The Person documents need to contain all of the votes cast by that person, and each vote needs to contain a subset of metadata about the post that the vote is related to.
Here is an example of a transformed Person document.
{
"id": "1d38bccd",
"name": "batman",
"kind": "hero",
"location": "gotham",
"posts": [
{
"id": "745a1cb5",
"title": "Where is my cape?",
"body": "Have you seen my cape? Where did it go?"
},
{
"id": "3ebcc03a",
"title": "Seriously guys where is my cape?",
"body": "If you find it please return it to the lost and found"
}
],
"votes": [
{
"id": "a6203080"
"postId": "9d8122b8",
"vote": "yes"
}
]
}
Here is an example of a transformed Post document.
{
"id": "745a1cb5",
"title": "Where is my cape?",
"personId": "1d38bccd",
"personName": "batman",
"body": "Have you seen my cape? Where did it go?"
"votes": [
{
"id": "daea1243",
"personId": "cac06433"
"vote": "no"
},
{
"id": "3c1e61e4",
"personId": "3a88ad35"
"vote": "yes"
}
]
}
I am starting off with some raw documents:
- A single document that contains all of the metadata about all Person items except the Votes that they have cast and the Posts that they have made.
- A document for every single Post that was made. Each of these documents has the ID(s) of the Person items who created it.
- A document for each Person that contains all Votes cast by that Person item.
Proposed Solutions
I can think of a couple approaches to creating the transformed documents.
- Scan through all raw documents and create/enrich the transformed documents as we go.
Ex: Go through the raw Person document and generate all individual transformed Person documents. Then go through all of the individual raw Votes-Per-Person documents and enrich the transformed Person documents with these votes. Then go through all of the raw Post documents and create the transformed Post documents. Also re-scan all of the Person documents and enrich these with Post metadata for which they’ve created, and also enrich all of their Votes with Post metadata related to each of the Votes. Then re-scan all of the Votes-Per-Person documents to enrich the now-created Post documents with their associated Votes.

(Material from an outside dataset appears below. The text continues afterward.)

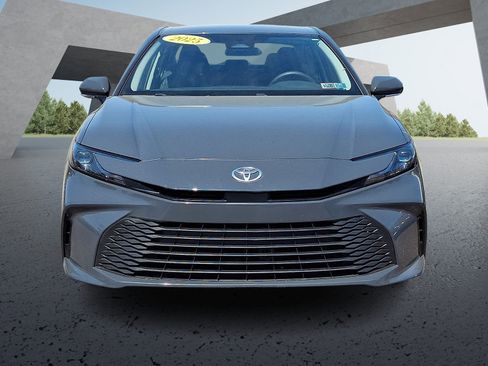 Used 2025 Toyota Camry LE FWD image 2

- Scan through all of the raw documents and create a map of Item IDs to a list of other items associated with that item.
[
{
"type": "vote"
"id": "348c9892"
"associated": ["d0bc4af7", "6b319386", "a480f98c", "73a7537c"]
}
]
Questions
How would a graph database handle a request for a parent datum and enriching it with some metadata from associated nodes?
Are there other more elegant ways to transform these documents?
Are there any low-cost tools that could make doing something like this easy?
Are there any books/videos/resources that go over this type of problem and how best to approach it?
Is json-ld useful for something like this? Seems like it’s more specific to web use cases, but would it have any utility here?